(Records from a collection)
::::

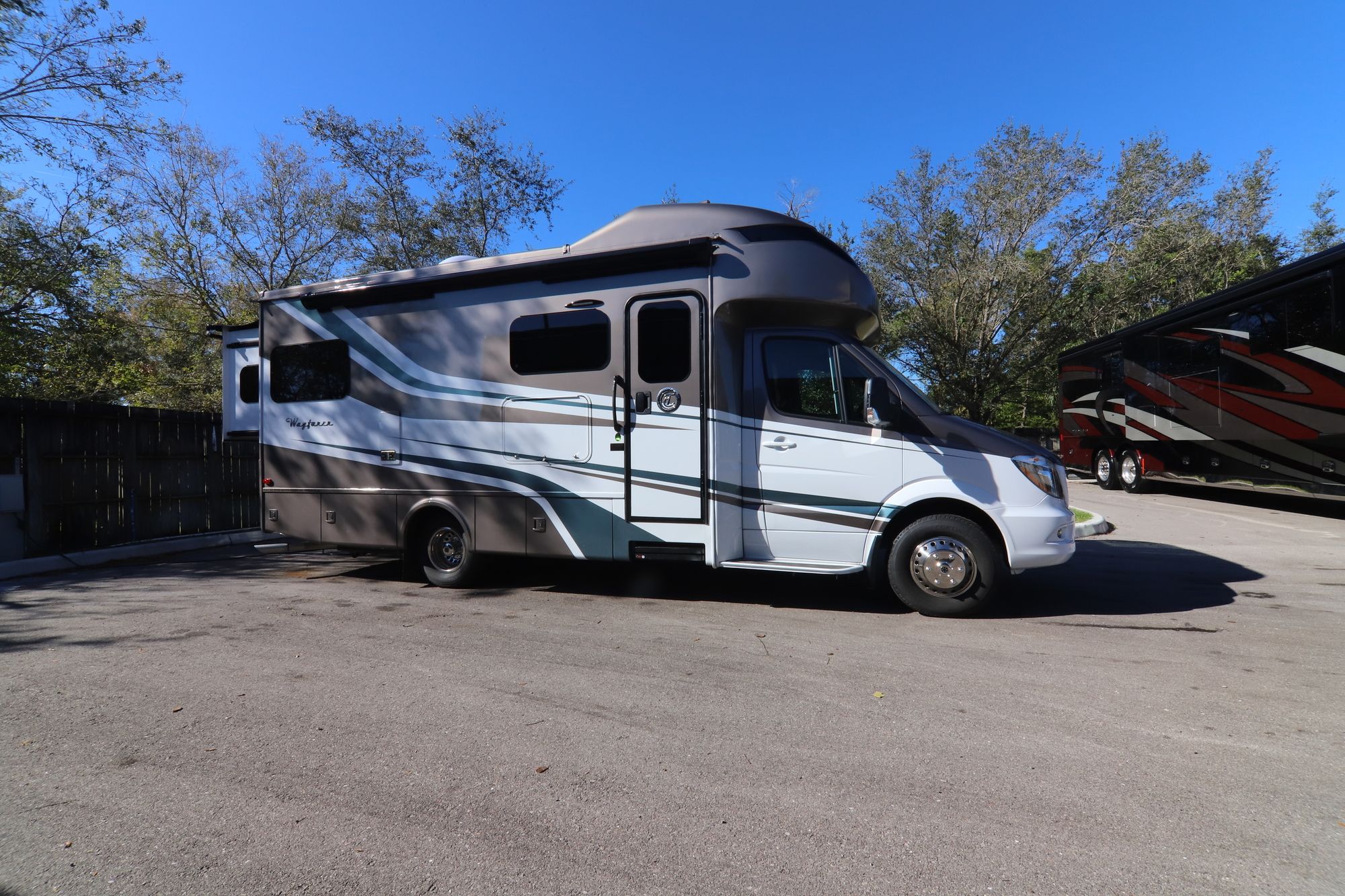 New 2019 Tiffin Motor Homes Wayfarer 24BW Class C  For Sale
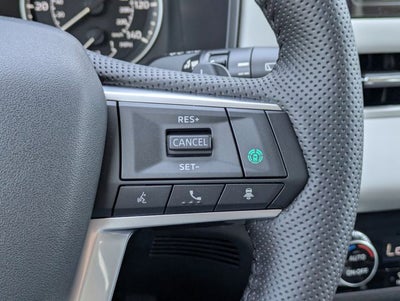 2026 Mitsubishi Outlander Base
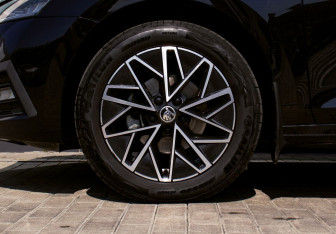 Подержанный автомобиль Skoda Octavia Liftback 2020 года (21 фото)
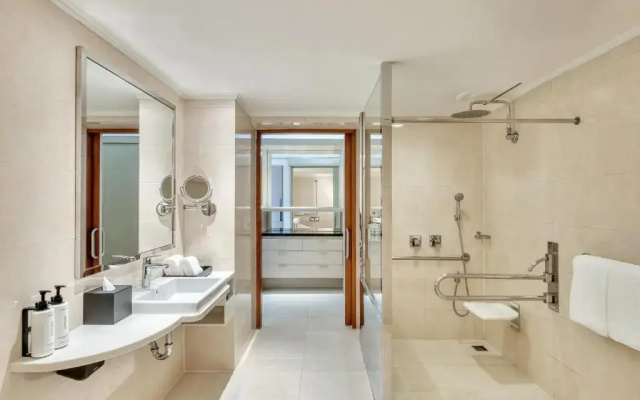 Crowne Plaza Bangkok Lumpini Park by IHG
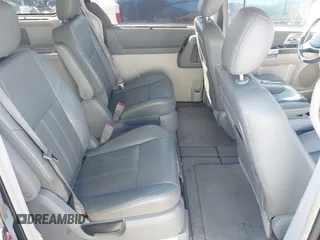 2008 Chrysler Town & Country Touring with VIN 2A8HR54P48R832030, listed as a IAAI auction lot 42196711 with 216,742 mi miles and . Bid and sale history available at carsss.com. Image 8.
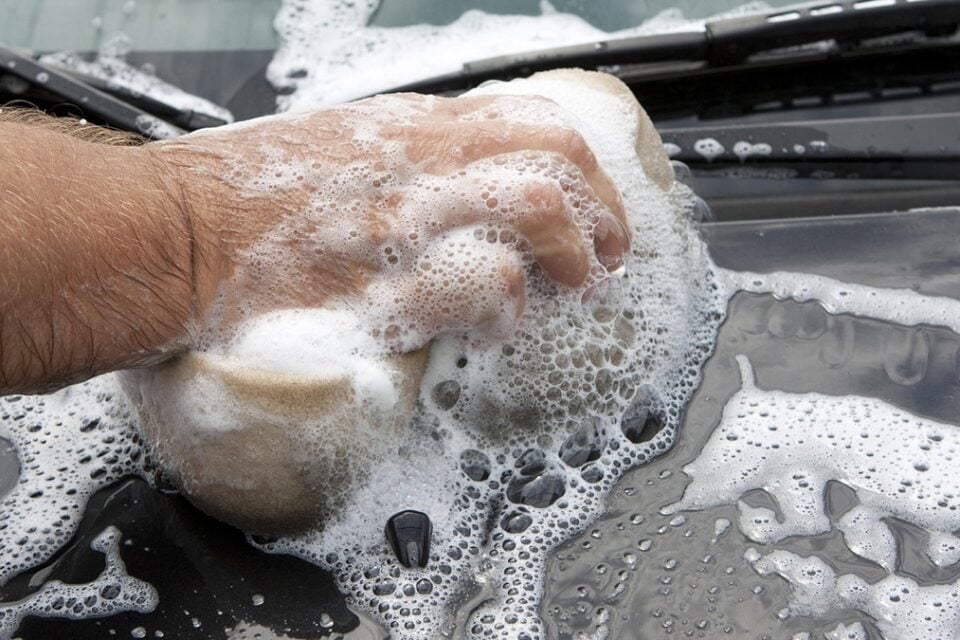 Goiânia tem novas regras para lavadores de carro e proíbe lavagem interna de veículos em praças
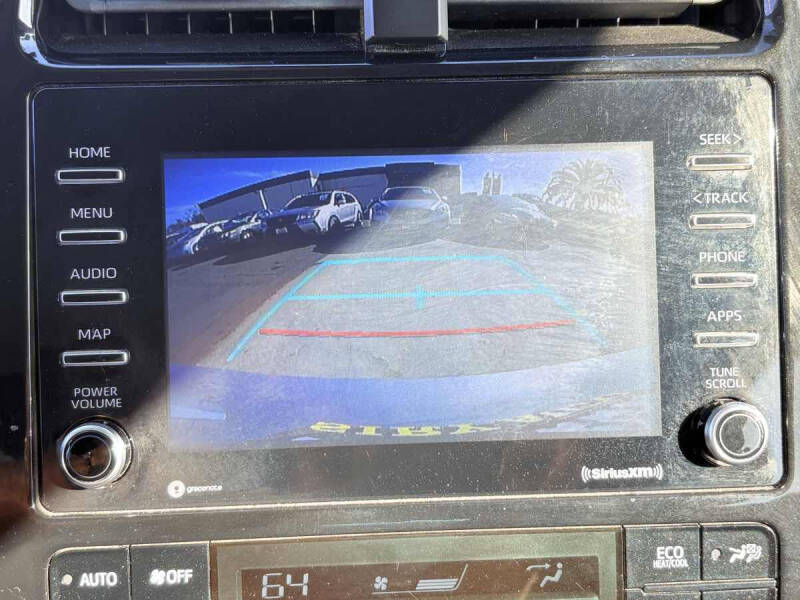 2022 Toyota Prius LE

::::

_Your objective:_ Find the line that contains "2008 Chrysler Town" and repeat it, along with every line after it to the end of the data, exactly; drop the pictures.

_Output:_
 2008 Chrysler Town & Country Touring with VIN 2A8HR54P48R832030, listed as a IAAI auction lot 42196711 with 216,742 mi miles and . Bid and sale history available at carsss.com. Image 8.
 Goiânia tem novas regras para lavadores de carro e proíbe lavagem interna de veículos em praças
 2022 Toyota Prius LE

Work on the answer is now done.